If you thought that old ship's captains were all rough, tough, grizzly bearded men who ruled by fear, then you need to hear the story of Betsy Miller - The Queen of Saltcoats.
Betsy was the eldest of 10 children, born and bred in Saltcoats on the Ayrshire coast at the end of the 18th century.
Her father was a successful merchant and captain, but while seafaring was in her blood, it was her brother who was destined to take over the family business.
Betsy had a quiet job in the office, getting out on the waves whenever she had the chance.
In 1833, tragedy struck when her brother passed away, leaving the family and crew leaderless and with debts to pay.
Fortunately Betsy stepped up to the mark and took the helm.
Captain Betsy was in her 40s when she took command of the ship Clytus and the crew of 14 seasoned sailors.

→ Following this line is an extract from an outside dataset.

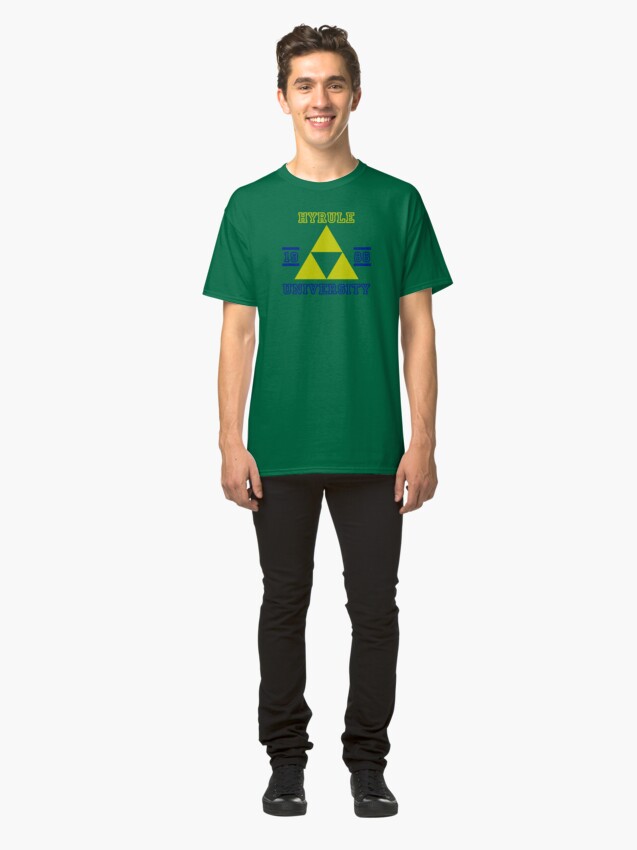 T-shirt classique ''HYRULE UNIVERSITY bleu' : autre vue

None of those men questioned her ability to lead just because she was a woman, instead she inspired devotion amongst her crew, known locally as the Queen of Saltcoats.
Betsy sailed back and forward between Ayrshire and Ireland trading timber and coal.
While most ships looked for a favourable wind, Betsy had a point to prove and money to make.
Her catchphrase was "I don't wait for the carry", navigating the Clytus across the water regardless.
This incredible Queen was the first officially recognised female ship's captain, but she wasn't the only lady on board.
Her first mate just happened to be her younger sister Hannah and between the two of them, the Miller family improved their business dramatically.
Betsy had humour and grace but no fear of the waves.
Her crew loved her for it and asked no questions when their captain ordered them out into a storm.
She did all of it while still looking impeccable in a pristine dress.
She carried on sailing as captain until her retirement at the grand age of 70.
By then, she was a local celebrity and had a reputation amongst sailors as one of the best captains to cross the Irish Sea!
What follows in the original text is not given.